A Terza Scuola Italiana, ou escola eclética, surgiu como resposta ao embate histórico entre a escola clássica e a escola positiva do Direito Penal. Seu objetivo central foi superar o antagonismo entre esses dois paradigmas: de um lado, a ênfase clássica no livre-arbítrio, na culpabilidade e na pena retributiva; de outro, a perspectiva positiva, fundada no determinismo, na periculosidade e na defesa social.
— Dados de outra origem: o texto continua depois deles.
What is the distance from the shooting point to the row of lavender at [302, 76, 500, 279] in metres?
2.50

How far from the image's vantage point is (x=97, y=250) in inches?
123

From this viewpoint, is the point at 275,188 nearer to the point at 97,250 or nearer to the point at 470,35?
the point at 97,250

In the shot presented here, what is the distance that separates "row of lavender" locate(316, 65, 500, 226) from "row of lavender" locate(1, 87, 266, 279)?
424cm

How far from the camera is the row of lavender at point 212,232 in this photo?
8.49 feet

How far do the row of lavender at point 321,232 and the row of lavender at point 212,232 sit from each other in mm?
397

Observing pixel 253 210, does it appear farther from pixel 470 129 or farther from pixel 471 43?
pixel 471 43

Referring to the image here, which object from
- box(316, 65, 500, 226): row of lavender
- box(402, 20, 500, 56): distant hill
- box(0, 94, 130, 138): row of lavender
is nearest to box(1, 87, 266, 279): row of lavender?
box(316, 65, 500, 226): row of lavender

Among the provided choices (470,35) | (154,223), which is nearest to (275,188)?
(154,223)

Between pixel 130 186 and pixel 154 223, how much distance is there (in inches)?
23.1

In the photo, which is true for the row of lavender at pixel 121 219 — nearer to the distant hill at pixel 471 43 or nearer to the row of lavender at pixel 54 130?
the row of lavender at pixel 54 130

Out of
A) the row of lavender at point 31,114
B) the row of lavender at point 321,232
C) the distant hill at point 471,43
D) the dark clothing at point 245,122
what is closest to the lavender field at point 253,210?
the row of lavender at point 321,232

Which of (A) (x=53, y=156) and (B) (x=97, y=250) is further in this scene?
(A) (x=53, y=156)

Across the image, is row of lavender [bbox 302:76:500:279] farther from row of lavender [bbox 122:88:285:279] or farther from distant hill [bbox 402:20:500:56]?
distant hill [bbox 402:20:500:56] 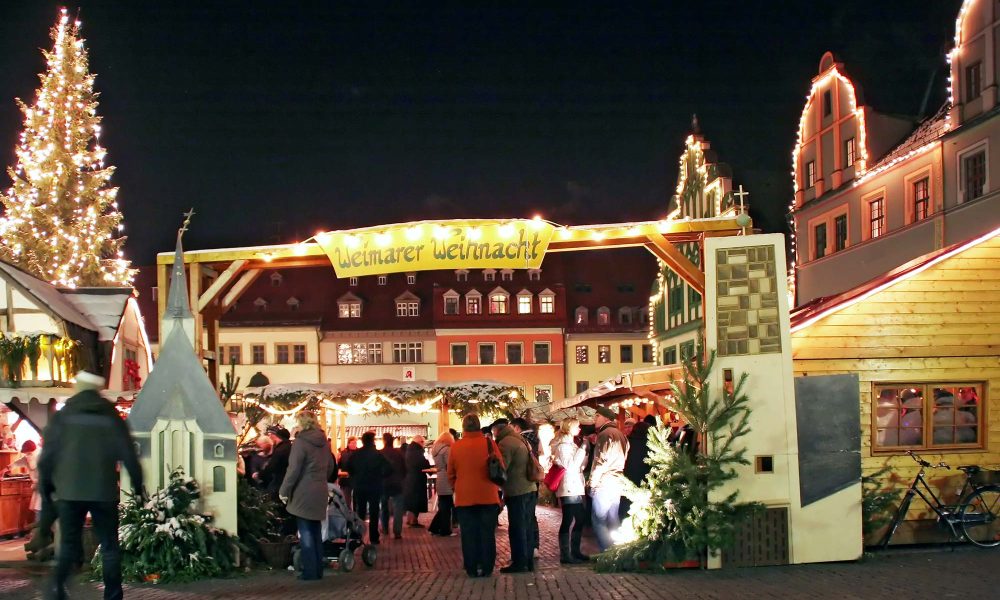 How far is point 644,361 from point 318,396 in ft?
148

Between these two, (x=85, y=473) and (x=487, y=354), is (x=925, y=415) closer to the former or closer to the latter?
(x=85, y=473)

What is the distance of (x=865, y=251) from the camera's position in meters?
32.6

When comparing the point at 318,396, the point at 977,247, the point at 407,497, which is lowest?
the point at 407,497

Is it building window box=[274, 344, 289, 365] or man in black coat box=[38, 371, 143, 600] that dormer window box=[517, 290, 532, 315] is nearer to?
building window box=[274, 344, 289, 365]

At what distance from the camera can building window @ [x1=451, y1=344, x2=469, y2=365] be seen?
2702 inches

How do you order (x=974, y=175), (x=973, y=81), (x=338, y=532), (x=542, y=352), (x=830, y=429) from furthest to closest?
1. (x=542, y=352)
2. (x=973, y=81)
3. (x=974, y=175)
4. (x=338, y=532)
5. (x=830, y=429)

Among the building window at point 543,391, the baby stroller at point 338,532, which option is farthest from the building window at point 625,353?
Result: the baby stroller at point 338,532

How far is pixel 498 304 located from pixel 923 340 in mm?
55202

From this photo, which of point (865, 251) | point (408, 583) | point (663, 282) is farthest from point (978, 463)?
point (663, 282)

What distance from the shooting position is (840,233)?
3453 centimetres

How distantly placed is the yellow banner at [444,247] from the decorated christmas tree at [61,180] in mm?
21406

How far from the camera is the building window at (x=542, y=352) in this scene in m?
69.0

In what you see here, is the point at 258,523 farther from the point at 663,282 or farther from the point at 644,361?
the point at 644,361

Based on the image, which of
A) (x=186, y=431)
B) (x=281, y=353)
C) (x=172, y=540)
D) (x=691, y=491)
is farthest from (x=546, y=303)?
(x=172, y=540) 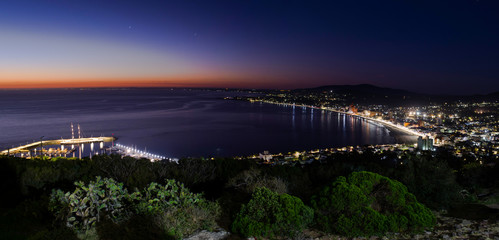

A síntese proposta preservou a espinha dorsal dogmática do sistema penal, sem desconsiderar os dados empíricos sobre o comportamento criminoso.
“Em relação às escolas penais e a sua evolução histórica e metodológica, é correto afirmar que a terceira escola, também chamada de escola eclética, buscou superar o antagonismo entre as escolas clássica e positiva, mantendo a estrutura dogmática da imputabilidade e introduzindo as medidas de segurança para os inimputáveis.” (CESPE / CEBRASPE – Delegado de Polícia Civil / PC-CE / 2025)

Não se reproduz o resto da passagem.